The only data I can find readily available is total bullpen ERA, which is inadequate, since it can be skewed by the bottom of the bullpen, when what we're interested in is identifying the top of the bullpen.  Though, if pressed, Tampa Bay seems to be doing quite well over the past decade at building the top half of their bullpens; and they're one of the most statistically savvy organizations out there. 
 

lexrageorge

Member
SoSH Member
Jul 31, 2007
18,095
Plympton91 said:
 
Your assertion is not at all accurate (you've left out that such analytics may not have been developed yet, and that teams also would have to adopt a sufficiently forward-looking program of protecting the health of their relievers instead of treating them all like Joe Torre treated Scott Proctor or Terry Francona treated Keith Foulke).
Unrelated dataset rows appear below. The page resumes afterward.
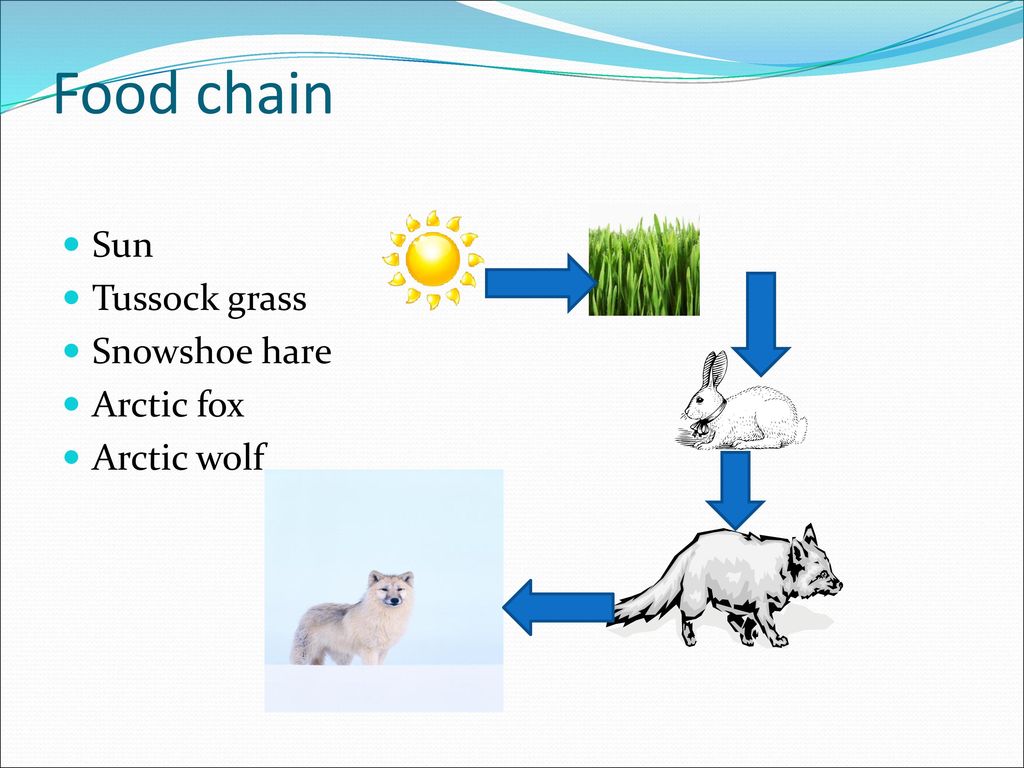 Tundra Food Web Biology Diagrams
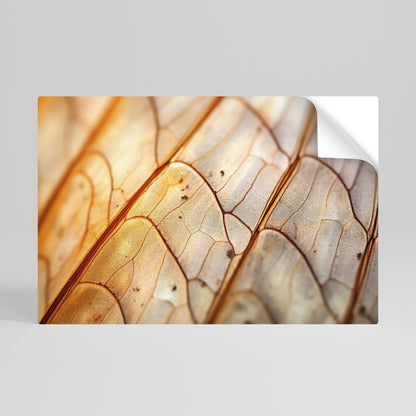 ELEGANTE VENATURA Poster orizzontale staccabile e attaccabile
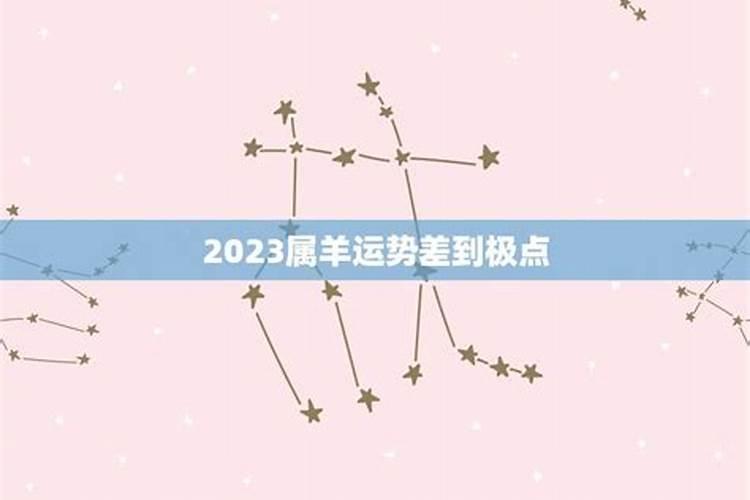 2022属羊运势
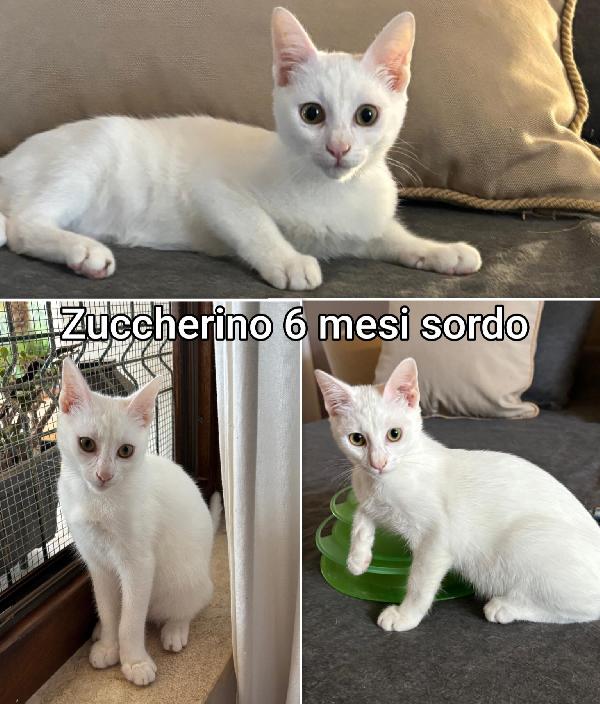 DOLCISSIMI MICETTI Foto 4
Your test also is inexact.  What you'd want to test is whether, adjusting for the admittedly higher variance of relief pitcher performance, some organizations have on average better bullpen performance--not whether the team has a better bullpen every year.  That test would also have to adjust for organizational turnover in scouting and analytics staff. 
 
The only data I can find readily available is total bullpen ERA, which is inadequate, since it can be skewed by the bottom of the bullpen, when what we're interested in is identifying the top of the bullpen.  Though, if pressed, Tampa Bay seems to be doing quite well over the past decade at building the top half of their bullpens; and they're one of the most statistically savvy organizations out there. 
 
That "treatment" won the Red Sox a World Series.  Also, it's never been determined that Foulke's usage in 2004 caused his problems in 2005 and beyond.  It could have been that Foulke just got old and injured at the same time.  The same thing will likely happen to Andrew Miller long before it happens to either Joe Kelly or Ed Rodriguez.  
 

Plympton91

bubble burster
SoSH Member
Oct 19, 2008
12,408
lexrageorge said:
 
That "treatment" won the Red Sox a World Series. 
 
Granted, but it was akin to pitching a starter on one day of rest.   If managers regularly did that to starters, they'd break down more often too.
 
M

MentalDisabldLst

Guest
And if Francona had done it in any situation other than "we're a few outs / one game from elimination and our bullpen is hosed and dammit our team isn't going down without throwing our best reliever out there", I'd join your criticism of it.  But he has no history of abusing pitchers, and if any situation ever called for it, it was that single case.
 

Plympton91

bubble burster
SoSH Member
Oct 19, 2008
12,408
MentalDisabldLst said:
And if Francona had done it in any situation other than "we're a few outs / one game from elimination and our bullpen is hosed and dammit our team isn't going down without throwing our best reliever out there", I'd join your criticism of it.  But he has no history of abusing pitchers, and if any situation ever called for it, it was that single case.
 
I'm not really criticizing it; just offering the general willingness of teams to work relievers in ways they'd never work starters as one of the things that contributes to the perceived inconsistency of relief pitching relative to starting pitching.  It would be something a team with a long-term investment in a reliever could control in order to limit the injury risk on the back end of the contract.  Unless I'm missing some, almost all of the small number of recent four-year contracts to relievers actually have worked out fairly well (Downs, Affelt, Benoit, Papelbon), which suggests that there might be something to that.